[Date Prev][Date Next][Thread Prev][Thread Next][Date Index][Thread Index]

Re: [Xen-devel] HVM Migration of domU on Qemu-upstream DM causes stuck system clock with ACPI



On Fri, May 31, 2013 at 11:59:22AM +0100, George Dunlap wrote:
> On 31/05/13 11:54, George Dunlap wrote:
> >On 31/05/13 09:34, Diana Crisan wrote:
> >>George,
> >>On 30/05/13 17:06, George Dunlap wrote:
> >>>On 05/30/2013 04:55 PM, Diana Crisan wrote:
> >>>>On 30/05/13 16:26, George Dunlap wrote:
> >>>>>On Tue, May 28, 2013 at 4:06 PM, Diana Crisan <dcrisan@xxxxxxxxxxxx>
> >>>>>wrote:
> >>>>>>Hi,
> >>>>>>
> >>>>>>
> >>>>>>On 26/05/13 09:38, Ian Campbell wrote:
> >>>>>>>On Sat, 2013-05-25 at 11:18 +0100, Alex Bligh wrote:
> >>>>>>>>George,
> >>>>>>>>
> >>>>>>>>--On 24 May 2013 17:16:07 +0100 George Dunlap
> >>>>>>>><George.Dunlap@xxxxxxxxxxxxx>
> >>>>>>>>wrote:
> >>>>>>>>
> >>>>>>>>>>FWIW it's reproducible on every host h/w platform we've tried
> >>>>>>>>>>(a total of 2).
> >>>>>>>>>Do you see the same effects if you do a local-host migrate?
> >>>>>>>>I hadn't even realised that was possible. That would
> >>>>>>>>have made testing
> >>>>>>>>live
> >>>>>>>>migrate easier!
> >>>>>>>That's basically the whole reason it is supported ;-)
> >>>>>>>
> >>>>>>>>How do you avoid the name clash in xen-store?
> >>>>>>>Most toolstacks receive the incoming migration into a domain named
> >>>>>>>FOO-incoming or some such and then rename to FOO upon
> >>>>>>>completion. Some
> >>>>>>>also rename the outgoing domain "FOO-migratedaway"

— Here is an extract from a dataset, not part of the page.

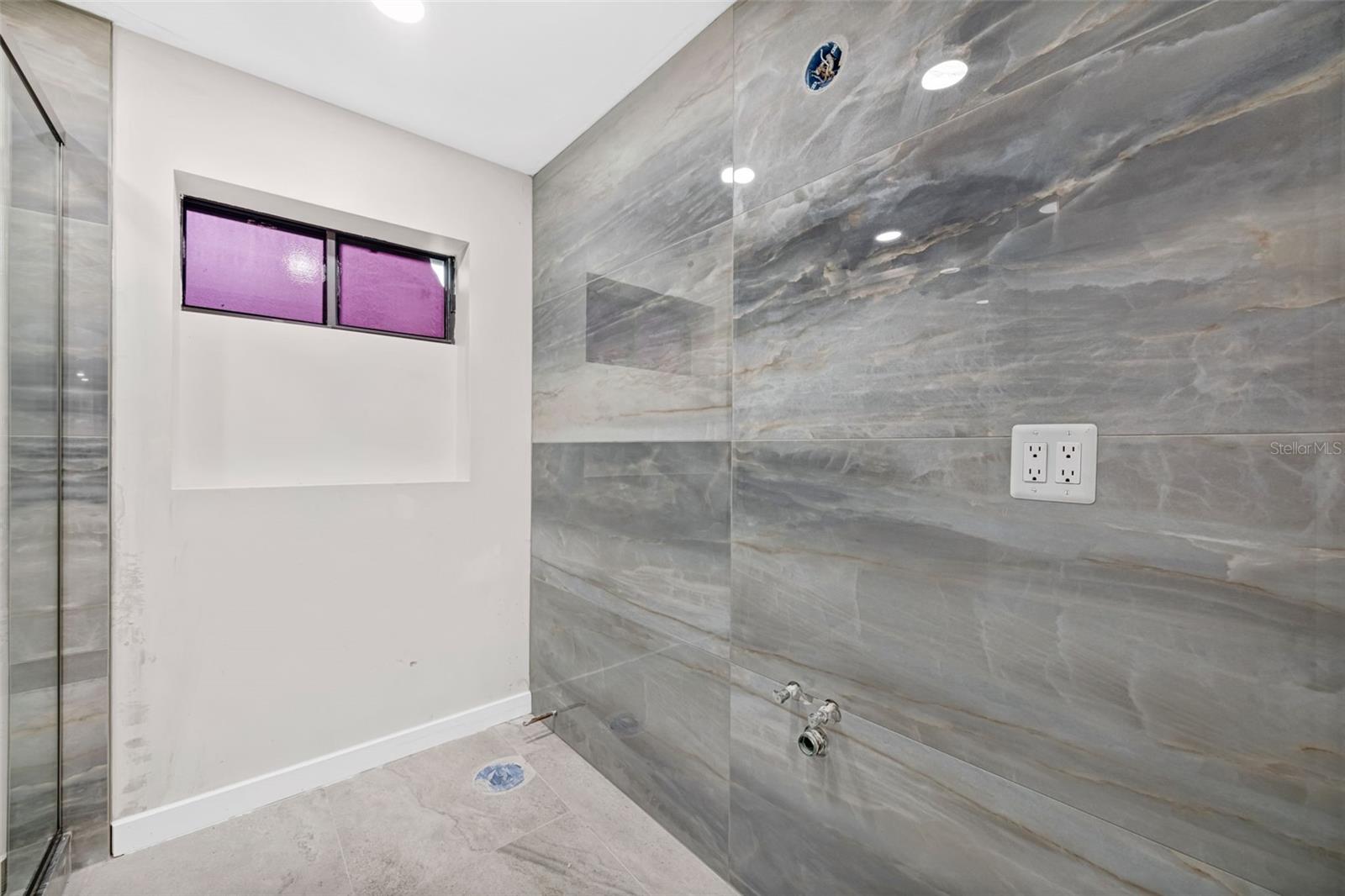 Clearwater Beach, Florida, 33767, United States, 3 Bedrooms Bedrooms, ,2 BathroomsBathrooms,Residential,Active,1894990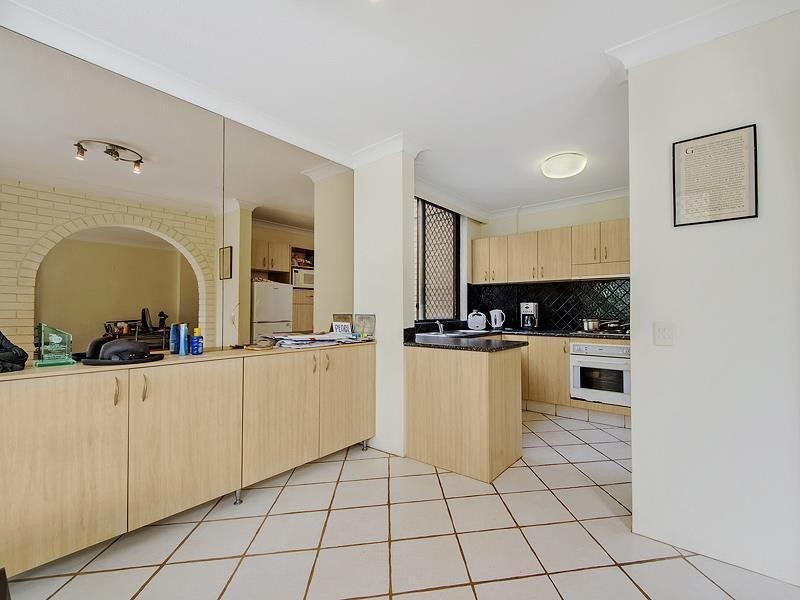 3 Oak Avenue ‘Oak Lodge’, Budds Beach, Surfers Paradise QLD 4217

> >>>>>>>towards the end so
> >>>>>>>that the bits of the final teardown which can safely
> >>>>>>>happen after the
> >>>>>>>target have start can be done so.
> >>>>>>>
> >>>>>>>Ian.
> >>>>>>>
> >>>>>>>
> >>>>>>I am unsure what I am doing wrong, but I cannot seem to
> >>>>>>be able to do a
> >>>>>>localhost migrate.
> >>>>>>
> >>>>>>I created a domU using "xl create xl.conf" and once it
> >>>>>>fully booted I
> >>>>>>issued
> >>>>>>an "xl migrate 11 localhost". This fails and gives the output below.
> >>>>>>
> >>>>>>Would you please advise on how to get this working?
> >>>>>>
> >>>>>>Thanks,
> >>>>>>Diana
> >>>>>>
> >>>>>>
> >>>>>>root@ubuntu:~# xl migrate 11 localhost
> >>>>>>root@localhost's password:
> >>>>>>migration target: Ready to receive domain.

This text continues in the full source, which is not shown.